* Description of the task: Only the lines from the one containing "fortune tiger aceita cart?o de crédito" to the end of the listing below should be returned, exactly as written and without pictures.

* Data excerpts:
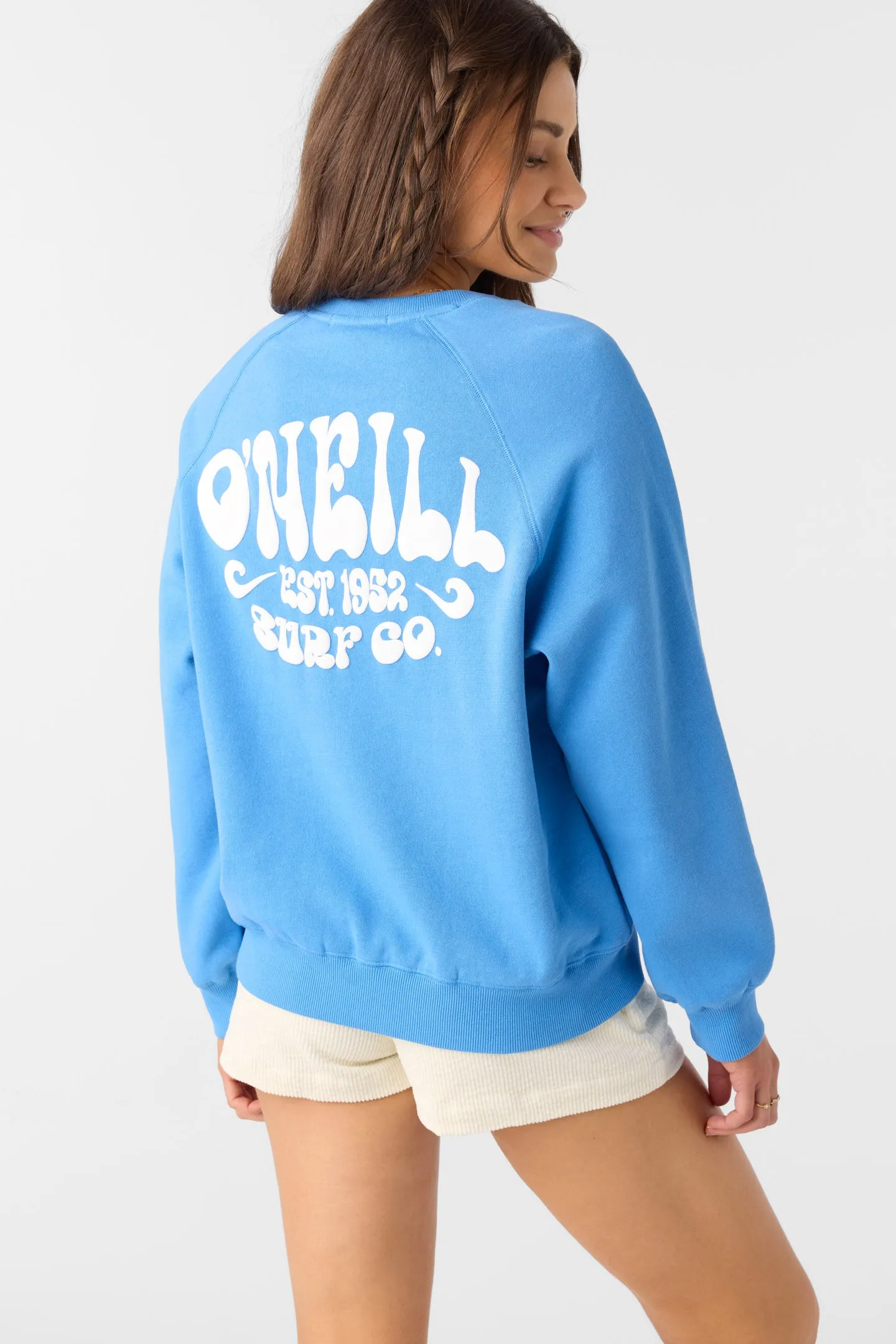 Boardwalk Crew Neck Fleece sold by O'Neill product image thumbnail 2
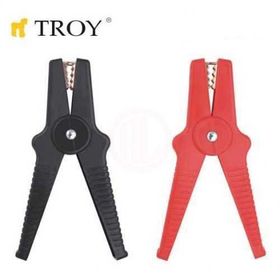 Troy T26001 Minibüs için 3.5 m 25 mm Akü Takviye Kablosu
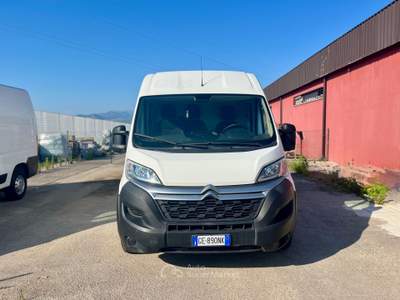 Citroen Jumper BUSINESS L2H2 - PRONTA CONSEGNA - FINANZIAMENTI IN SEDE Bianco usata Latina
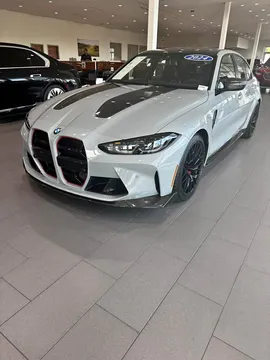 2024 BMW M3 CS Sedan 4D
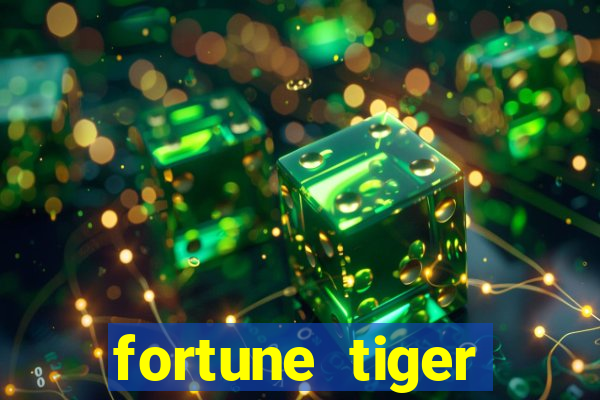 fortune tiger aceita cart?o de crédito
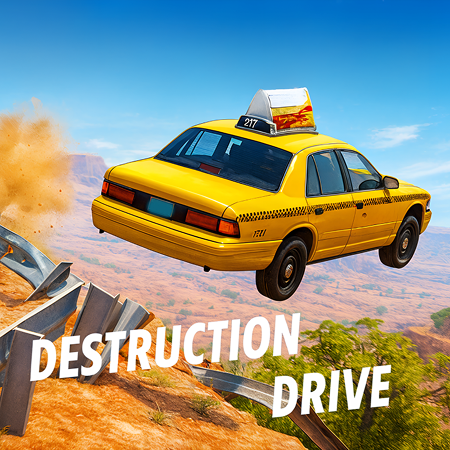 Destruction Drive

* Response to the exercise:
 fortune tiger aceita cart?o de crédito
 Destruction Drive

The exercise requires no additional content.